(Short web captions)
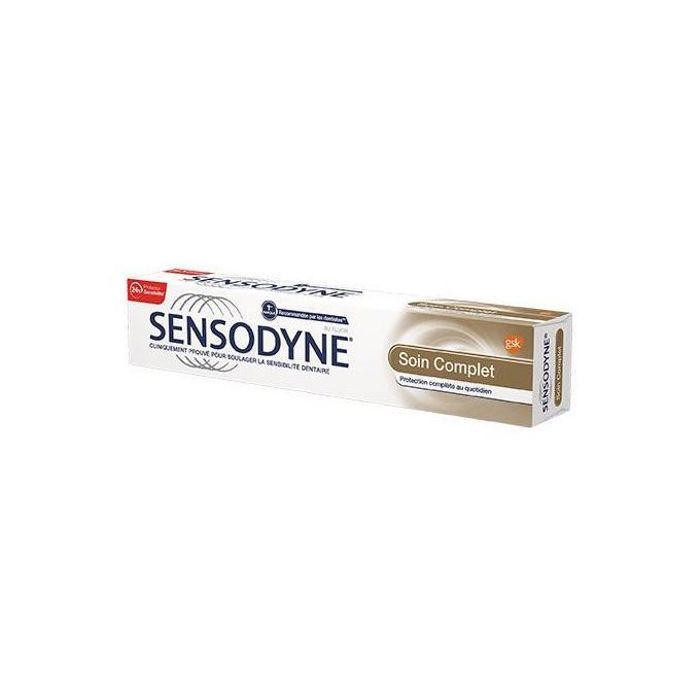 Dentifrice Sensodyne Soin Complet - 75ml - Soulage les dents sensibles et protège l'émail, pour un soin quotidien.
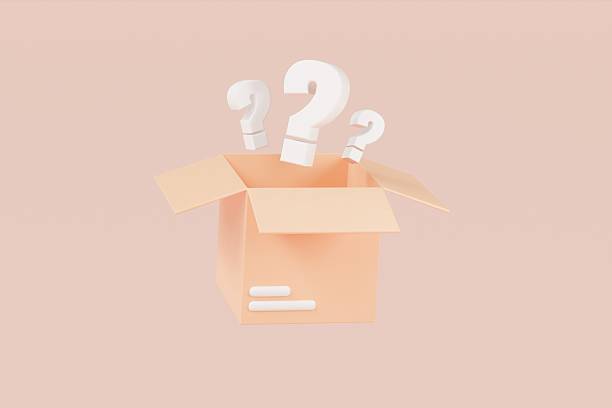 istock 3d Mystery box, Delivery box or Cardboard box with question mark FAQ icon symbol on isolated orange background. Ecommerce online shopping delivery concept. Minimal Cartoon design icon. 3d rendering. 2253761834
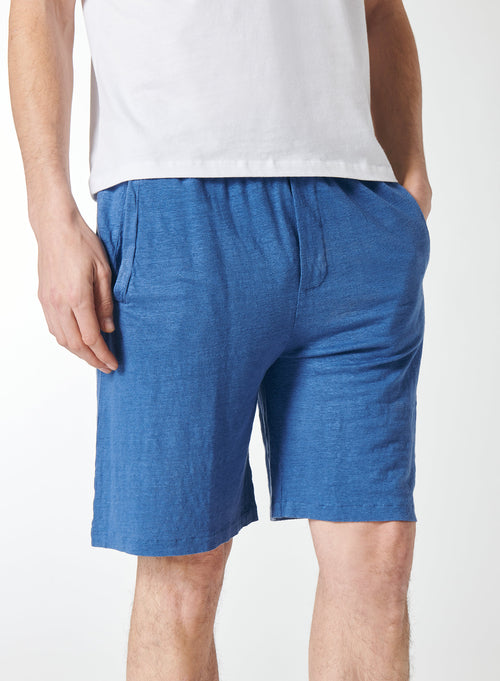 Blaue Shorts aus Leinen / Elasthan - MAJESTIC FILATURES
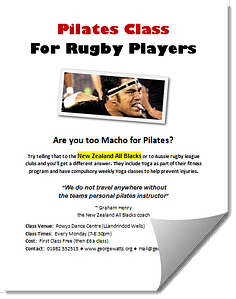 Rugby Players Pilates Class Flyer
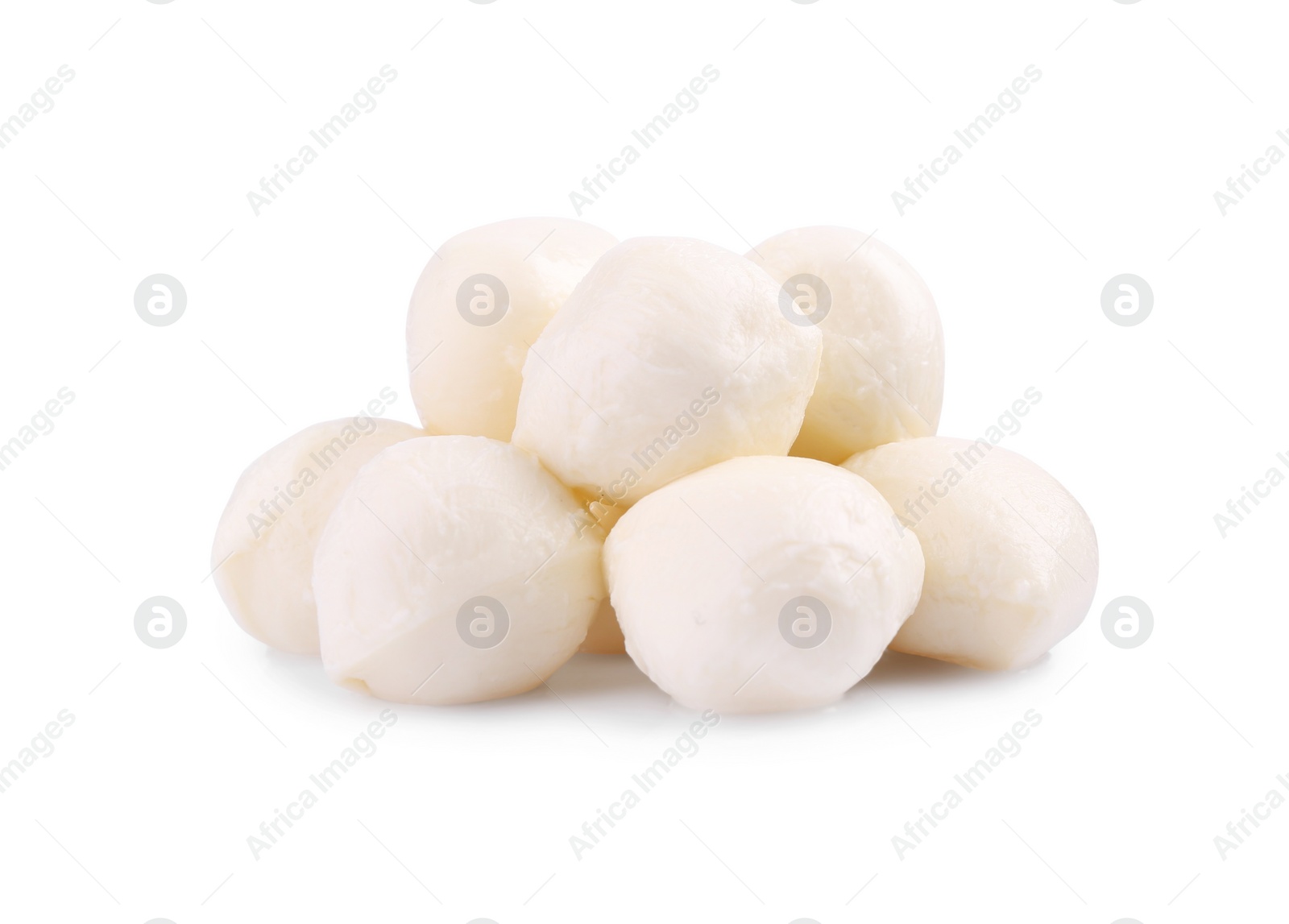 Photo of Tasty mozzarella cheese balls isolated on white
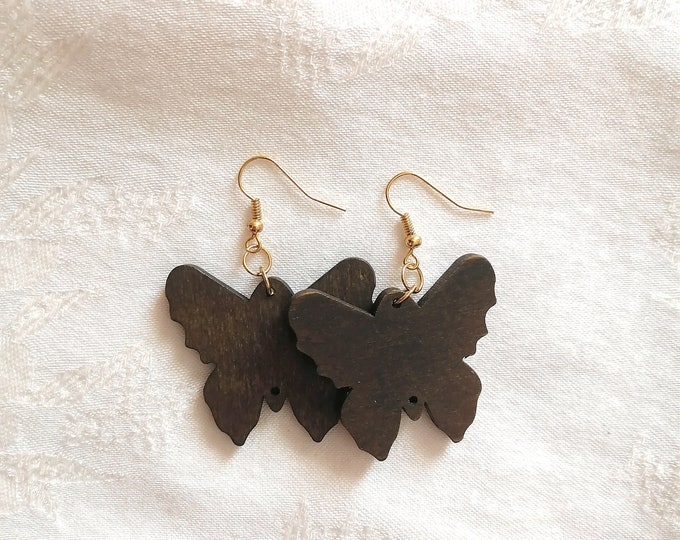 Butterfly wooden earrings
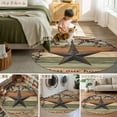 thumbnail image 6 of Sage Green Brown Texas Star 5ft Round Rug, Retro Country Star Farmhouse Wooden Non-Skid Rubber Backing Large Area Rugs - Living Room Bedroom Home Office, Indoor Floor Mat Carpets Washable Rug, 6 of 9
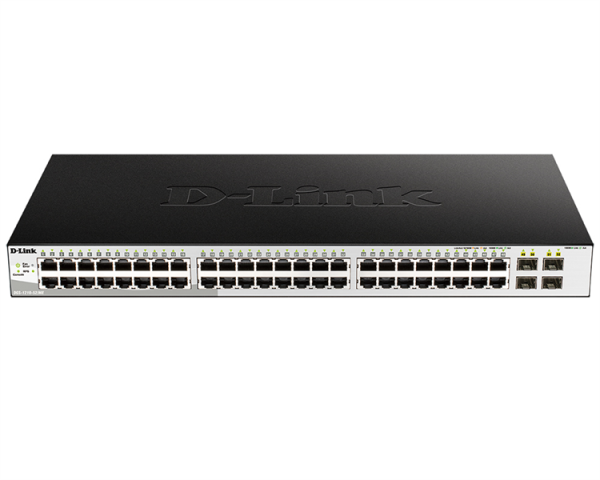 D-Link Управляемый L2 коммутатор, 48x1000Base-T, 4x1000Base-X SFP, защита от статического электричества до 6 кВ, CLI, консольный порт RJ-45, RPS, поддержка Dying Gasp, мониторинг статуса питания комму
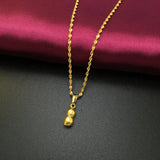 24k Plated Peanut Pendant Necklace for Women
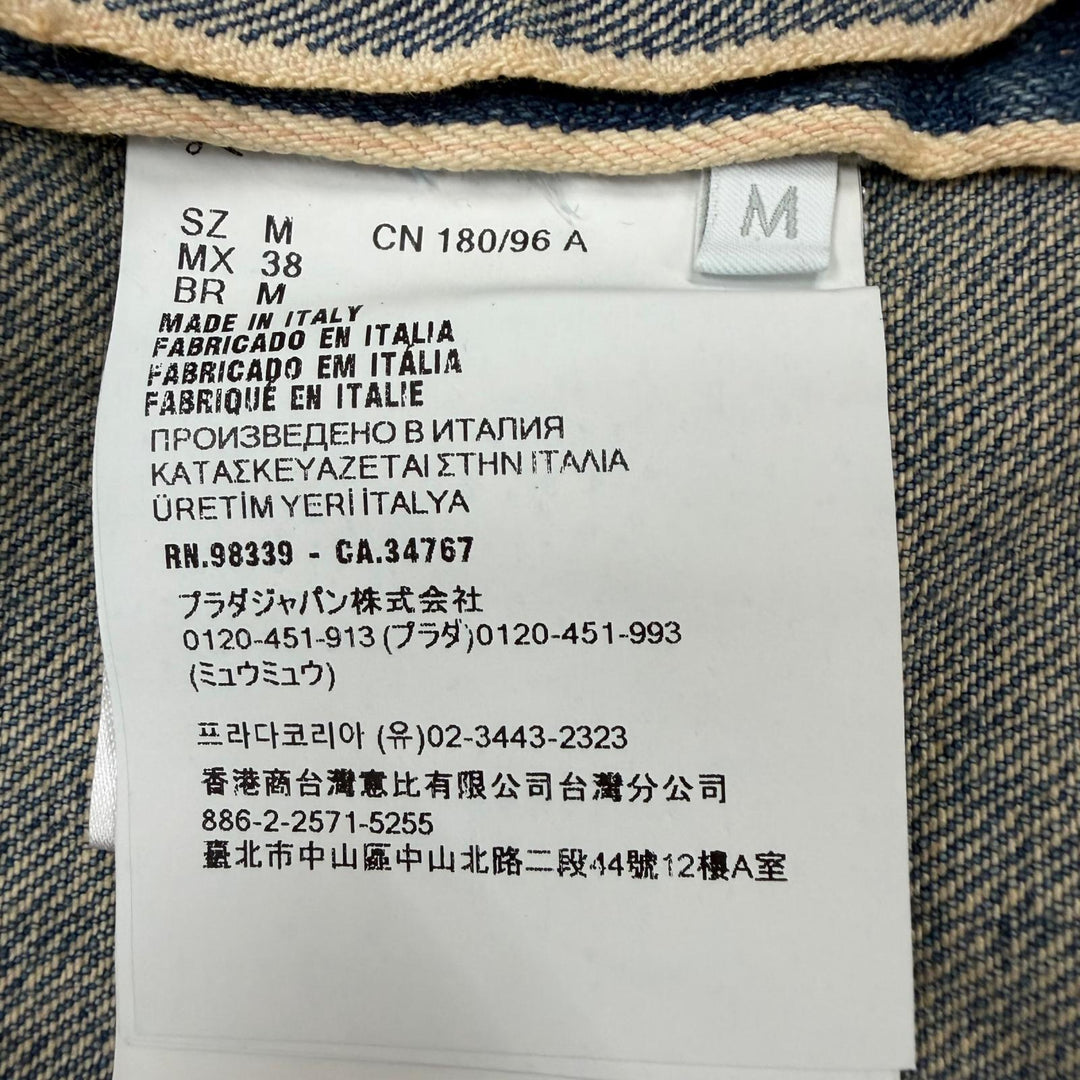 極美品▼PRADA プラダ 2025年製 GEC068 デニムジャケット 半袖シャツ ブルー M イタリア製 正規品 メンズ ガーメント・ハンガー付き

◆ Exercise goal: Give back each entry exactly as it appears, with no pictures.

◆ Response for this exercise:
 Dentifrice Sensodyne Soin Complet - 75ml - Soulage les dents sensibles et protège l'émail, pour un soin quotidien.
 istock 3d Mystery box, Delivery box or Cardboard box with question mark FAQ icon symbol on isolated orange background. Ecommerce online shopping delivery concept. Minimal Cartoon design icon. 3d rendering. 2253761834
 Blaue Shorts aus Leinen / Elasthan - MAJESTIC FILATURES
 Rugby Players Pilates Class Flyer
 Photo of Tasty mozzarella cheese balls isolated on white
 Butterfly wooden earrings
 thumbnail image 6 of Sage Green Brown Texas Star 5ft Round Rug, Retro Country Star Farmhouse Wooden Non-Skid Rubber Backing Large Area Rugs - Living Room Bedroom Home Office, Indoor Floor Mat Carpets Washable Rug, 6 of 9
 D-Link Управляемый L2 коммутатор, 48x1000Base-T, 4x1000Base-X SFP, защита от статического электричества до 6 кВ, CLI, консольный порт RJ-45, RPS, поддержка Dying Gasp, мониторинг статуса питания комму
 24k Plated Peanut Pendant Necklace for Women
 極美品▼PRADA プラダ 2025年製 GEC068 デニムジャケット 半袖シャツ ブルー M イタリア製 正規品 メンズ ガーメント・ハンガー付き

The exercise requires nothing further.